Outro dia ouvi ele dizer que a oposição no Senado forma “um time de cobras”. Como alguém já disse, o time poderia até ser um bom coletivo, mas talvez não fosse “o” coletivo: cobra não tem coletivo. O que mais se aproxima é serpentário, um lugar onde cobras são mantidas em cativeiro.

E a razão é simples: cobras não vivem em sociedade. Não interagem. Não fazem nada juntas. Uma não auxilia a outra. Se há um animal sem um mínimo espírito de equipe, é a cobra. É cada uma por si e, não raramente, uma engole a outra. O time de Álvaro Dias não pensa duas vezes antes de passar a perna um no outro (coisa que nem cobra consegue fazer). Ele e seus iguais são daquele tipo “cobra bem criada”.

Justiça efetiva

Justamente agora, com a campanha eleitoral, o senador Álvaro Dias dá a oportunidade de observarmos uma ilustração perfeita da distância que separa as “boas intenções” — das quais o inferno está cheio — da dura realidade concreta. É difícil encontrar algum país no qual as eleições sejam submetidas a um conjunto tão espetacular de códigos, regulamentos e controles como o que ocorre no Brasil.

Há juízes exclusivamente dedicados a zelar pela qualidade do processo eleitoral. Há tribunais regionais eleitorais. Há um Supremo Tribunal Eleitoral. Essa máquina tem poderes para decidir sobre qualquer aspecto da propaganda nas eleições. Ela distribui, regula e fiscaliza cada minuto e segundo que os partidos utilizam. Regula a organização de debates na TV, diz onde os candidatos podem ir, o que podem ou não podem falar.

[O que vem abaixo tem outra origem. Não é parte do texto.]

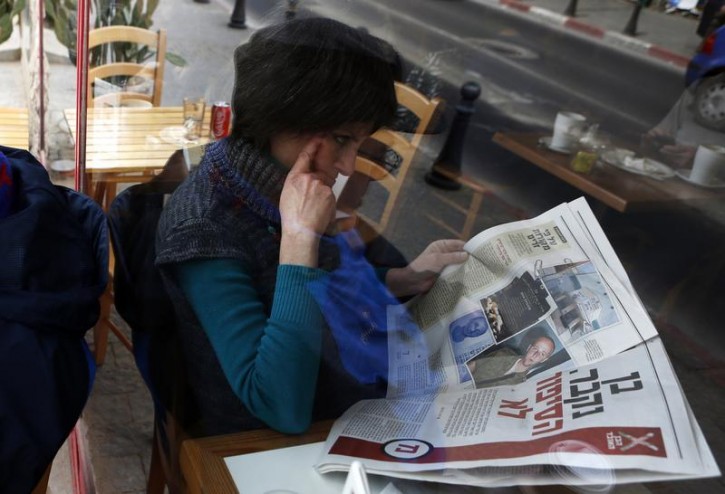 A woman is seen through a coffee shop window as she reads an article about Ben Zygier in an Yedioth Ahronoth newspaper in Jerusalem February 15, 2013. Zygier, the Australian immigrant reported to have been recruited by Israel's Mossad spy agency, was charged with grave crimes before he committed suicide in an Israeli jail, one of his lawyers said on Thursday. REUTERS/Baz Ratner (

Mas essa justiça tão zelosa não consegue coibir diatribes como essa do senador tucano, que decorre do crescimento do PIB, da elevação da renda, dos números de empregos divulgados pelo Caged, da melhora das contas externas promovida essencialmente pela política do Itamaraty e da credibilidade que o Brasil conquista no cenário mundial. Daríamos um salto se a isso tudo acrescentássemos uma justiça efetiva — aquela que se manifesta no mundo dos fatos, e não apenas na mídia, nas CPIs e nas denúncias que resultam em coisa nenhuma, porque vazias. Aí Álvaro Dias poderia pensar melhor em seus atos.